In this novel, ‘the troubling love’ described is that between mothers and children, husbands and wives, men and women – and, as we know from Lina and Elena, in the Quartet – between women too; describing the violence, passion and cruelty of this love with torrential prose and exquisite elegance. Naples is dirty, dark, passionate, loud and dramatic. No one is content. Relationships are unhappy.

What is the source of the seething suffering that Ferrante exposes in each novel? Why is she so raw and bleeding? The more I read her books the more I want to interview her, to know about her, because I simply can’t imagine that at least some of what she writes stems from truth. There is a relentless, ruthless drive to the writing; a breathlessness, as if she’s whispering to us, let’s make the pages burn with my writing, let’s make the men suffer who torment us.

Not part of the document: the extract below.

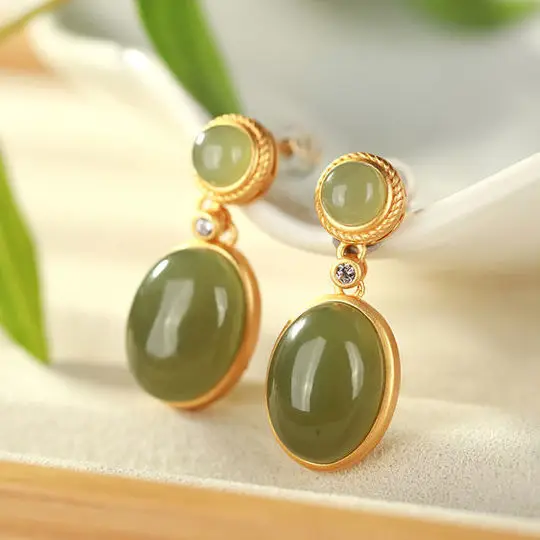 New silver inlaid natural Hetian Chalcedony Oval Earrings Chinese style retro minority design charm women's brand jewelry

This is not just feminism or any -ism but a unique view of life, which is so daringly honest that thousands of readers round the world are saying ‘thank you’ (and some ‘no, thank you’!). Ferrante always digs deep and says things that others dare not say. The storylines are riveting (what an achievement) but it’s the pace and lack of pauses and paragraphs in the narrative that make you turn the page in breathless anticipation. Then there’s the thrill of that first sentence of each novel: My mother drowned on the night of May 23rd, my birthday, in the sea at a place called Spaccavento, a few miles from Minturno.

The abuse, violence, obscenity, humiliation, fetishes and disgust of ‘Troubling Love’ are ‘real’ but at a poetic remove. Delia, the 45- year oldest daughter of Amalia – whose death is the pivot of the novel – is the narrator. She relates horror upon horror of her family life while simultaneously reliving it and analysing it. By writing the horrors down she understands, we understand, why they happen. This is the confessional novel at its most profound and painful. It is a novel of recovered memory.

Delia revisits her past and the people closest to her. A single act, when she was five, changed their lives for ever. We get a portrait of Amalia, a beautiful and vital mother who refuses to allow a brutal, psychopathically jealous husband to take over her mind and body (whilst she enjoys the fetishist attentions of another man). It is a portrait of a child’s spiteful blame and jealous love of a mother. Delia blames Amalia for ruining her life and reducing it to that of a dessicated, loveless automata. She explores her complex love-hate relationship with her mother by going back, digging deep and confronting the men who dominated both their lives. There are also moments of joyful release, bursting out of the novel like fireworks, but at heart it is very troubling.

Delia’s empathy and identification with her mother, and her cruel judgement of her, mean that by the end of the novel the two selves, mother and daughter, collide in a spectacular firework finale.